C’est étrange car en tant que Officier des Arts et des Lettres, Chevalier de la Légion d’Honneur (remise par un ex-ministre de la culture qui a saisi de longue date la place éminente de la nuit dans le vaste espace de la culture et de la création) et DJ globetrotter (comme d’autres artistes de notre pays, je fais indirectement rayonner la France depuis plus de 30 ans à l’étranger) je pensais bêtement que les choses avaient évolué et qu’avec mes petits camarades platinistes nous avions dignement gagné notre statut et notre ticket d’accès au « monde de la culture ». Mais force est de constater qu’apparemment ce n’est toujours pas le cas.

Lors de votre allocution vous avez parlé de la grande souffrance du cinéma et du monde du spectacle vivant. En effet ces secteurs souffrent terriblement (comme beaucoup d’autres) depuis le début de la crise sanitaire. Mais fort heureusement pour eux, les salles de cinéma, les théâtres et certaines salles de concerts ont quand même pu rouvrir malgré un protocole sanitaire compliqué.

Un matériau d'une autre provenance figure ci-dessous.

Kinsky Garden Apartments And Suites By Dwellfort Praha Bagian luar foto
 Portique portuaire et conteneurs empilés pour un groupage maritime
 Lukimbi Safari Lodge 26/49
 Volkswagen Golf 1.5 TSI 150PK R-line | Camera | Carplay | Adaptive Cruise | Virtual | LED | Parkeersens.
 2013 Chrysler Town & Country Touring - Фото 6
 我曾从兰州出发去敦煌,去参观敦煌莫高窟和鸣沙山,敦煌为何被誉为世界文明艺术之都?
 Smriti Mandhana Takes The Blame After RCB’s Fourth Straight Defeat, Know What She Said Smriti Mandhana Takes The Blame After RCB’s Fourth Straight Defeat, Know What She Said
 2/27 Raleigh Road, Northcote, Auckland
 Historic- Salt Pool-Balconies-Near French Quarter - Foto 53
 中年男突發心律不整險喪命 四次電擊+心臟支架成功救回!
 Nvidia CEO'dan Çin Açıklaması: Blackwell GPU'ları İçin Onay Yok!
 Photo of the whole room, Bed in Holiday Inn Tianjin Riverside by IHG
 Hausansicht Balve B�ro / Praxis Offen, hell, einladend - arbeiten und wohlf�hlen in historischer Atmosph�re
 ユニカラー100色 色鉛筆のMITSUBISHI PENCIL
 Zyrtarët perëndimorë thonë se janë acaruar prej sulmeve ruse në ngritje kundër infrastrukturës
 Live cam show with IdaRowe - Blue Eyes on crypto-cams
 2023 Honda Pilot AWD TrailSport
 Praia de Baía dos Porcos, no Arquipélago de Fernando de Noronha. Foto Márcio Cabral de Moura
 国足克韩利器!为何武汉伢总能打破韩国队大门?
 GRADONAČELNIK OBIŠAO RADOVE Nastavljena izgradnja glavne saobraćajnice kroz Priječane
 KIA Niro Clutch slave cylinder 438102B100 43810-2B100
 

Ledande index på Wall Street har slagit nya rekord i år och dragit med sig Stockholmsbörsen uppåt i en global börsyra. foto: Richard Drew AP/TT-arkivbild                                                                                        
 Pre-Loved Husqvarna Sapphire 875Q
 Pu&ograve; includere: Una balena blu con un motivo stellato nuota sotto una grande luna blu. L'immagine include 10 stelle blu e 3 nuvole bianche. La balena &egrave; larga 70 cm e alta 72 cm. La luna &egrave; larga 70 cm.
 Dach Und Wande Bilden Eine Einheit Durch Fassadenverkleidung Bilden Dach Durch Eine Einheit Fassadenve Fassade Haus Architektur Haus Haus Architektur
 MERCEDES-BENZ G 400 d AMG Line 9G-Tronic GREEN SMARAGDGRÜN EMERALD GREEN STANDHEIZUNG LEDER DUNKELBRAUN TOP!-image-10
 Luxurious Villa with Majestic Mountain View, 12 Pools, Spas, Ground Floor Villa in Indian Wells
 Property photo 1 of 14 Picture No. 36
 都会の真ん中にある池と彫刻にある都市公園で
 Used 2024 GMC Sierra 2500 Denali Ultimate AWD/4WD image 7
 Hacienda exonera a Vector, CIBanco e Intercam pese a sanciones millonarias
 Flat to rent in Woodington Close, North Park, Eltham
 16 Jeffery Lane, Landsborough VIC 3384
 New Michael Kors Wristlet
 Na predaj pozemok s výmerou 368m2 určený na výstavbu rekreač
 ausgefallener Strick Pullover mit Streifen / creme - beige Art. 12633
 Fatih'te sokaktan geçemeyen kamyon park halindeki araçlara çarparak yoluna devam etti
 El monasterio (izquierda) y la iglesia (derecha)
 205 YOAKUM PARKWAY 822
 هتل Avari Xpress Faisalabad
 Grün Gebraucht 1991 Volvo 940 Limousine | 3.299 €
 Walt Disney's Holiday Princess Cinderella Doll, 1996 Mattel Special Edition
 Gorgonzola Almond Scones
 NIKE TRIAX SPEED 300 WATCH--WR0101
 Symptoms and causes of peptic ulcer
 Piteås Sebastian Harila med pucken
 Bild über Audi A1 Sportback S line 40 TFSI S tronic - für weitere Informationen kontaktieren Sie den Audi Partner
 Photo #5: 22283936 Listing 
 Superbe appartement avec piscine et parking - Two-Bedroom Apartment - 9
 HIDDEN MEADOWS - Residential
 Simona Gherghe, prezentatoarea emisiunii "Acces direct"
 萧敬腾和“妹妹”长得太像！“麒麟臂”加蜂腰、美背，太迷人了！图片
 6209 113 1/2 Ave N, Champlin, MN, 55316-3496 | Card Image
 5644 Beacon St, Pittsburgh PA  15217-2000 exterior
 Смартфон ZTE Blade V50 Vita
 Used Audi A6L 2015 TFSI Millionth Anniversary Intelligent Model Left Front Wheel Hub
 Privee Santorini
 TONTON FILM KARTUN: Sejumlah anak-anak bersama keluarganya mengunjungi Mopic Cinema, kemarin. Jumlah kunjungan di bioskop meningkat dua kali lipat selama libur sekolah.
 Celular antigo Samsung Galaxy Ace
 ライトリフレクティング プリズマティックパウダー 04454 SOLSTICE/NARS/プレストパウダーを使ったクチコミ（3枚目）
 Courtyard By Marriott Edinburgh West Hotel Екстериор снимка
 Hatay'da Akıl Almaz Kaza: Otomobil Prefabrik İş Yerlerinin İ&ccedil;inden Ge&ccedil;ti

On entend aujourd’hui beaucoup parler de la colère des restaurateurs et des cafetiers due au couvre-feu. Mais là encore, même s’il est dramatique de constater qu’ils tournent tous aux ralentis, et de façon extrêmement contrainte, ils ont quand même eu, tant bien que mal, quelques possibilités de réouverture.

En revanche, j’aimerais attirer votre attention sur le fait que, depuis début mars, le secteur « de la nuit et des clubs » (dont je fais intrinsèquement partie) est quant à lui totalement à l’arrêt. Pour nous la fête est terminée, et ce depuis maintenant huit longs mois.

Vous n’êtes pas sans savoir que comme les théâtres, les cinémas et les salles de spectacle, les clubs emploient (hormis les artistes et DJ’s qui s’y produisent) la même pléiade de personnels divers et variés que dans le reste du paysage culturel. Que ce soit au bar, en salle, à la caisse, au vestiaire, au ménage, mais aussi les régisseurs, la sécurité, les intermittents, personnels techniques, sondiers, les lighteux, les VJ, les promoteurs, bookeurs, labels, graphistes, imprimeurs…. Sans oublier l’impact économique indirect (fournisseurs, restauration, hôtellerie, transport, etc…). La liste est longue, mais surtout très similaire à celle du spectacle vivant.

Sur France 2, vous avez annoncé des chiffres relatifs aux aides adressées aux différents secteurs du cinéma et du spectacle vivant. Je ne reviens pas sur la répartition de ces moyens qui assument comme toujours des déséquilibres flagrants entre patrimoine et culture d’aujourd’hui, entre Paris et régions, entre culture classique et émergence, entre les « grandes maisons de la capitale » et le maillage territorial des indépendants… Mais une chose est certaine : une fois encore, et ce maintenant depuis de trop longs mois, l’espace culturel de la nuit a lui été totalement ignoré. 

Le manque flagrant de considération, l’ignorance émanant de votre ministère envers le secteur de la nuit et des clubs est clairement interprété par beaucoup d’entre nous comme une forme de mépris incompréhensible. Car que vous le vouliez ou non, les clubs et les lieux de cette culture nocturne étaient (quand ils étaient ouverts) des endroits bouillonnant de création, d’imagination et de partage.

J’étais, madame la ministre, sincèrement attentif et bienveillant quant à votre prise de fonction, impatient mais certain de vous voir nous représenter au même titre que les autres artistes, et affirmer le minimum de considération dû à notre secteur. Mais j’avoue qu’aujourd’hui, ne sachant plus très bien si je suis un « artiste du spectacle mort » un « artiste de l’intérieur », ou « pas un artiste du tout » je commence à avoir de sérieux doutes.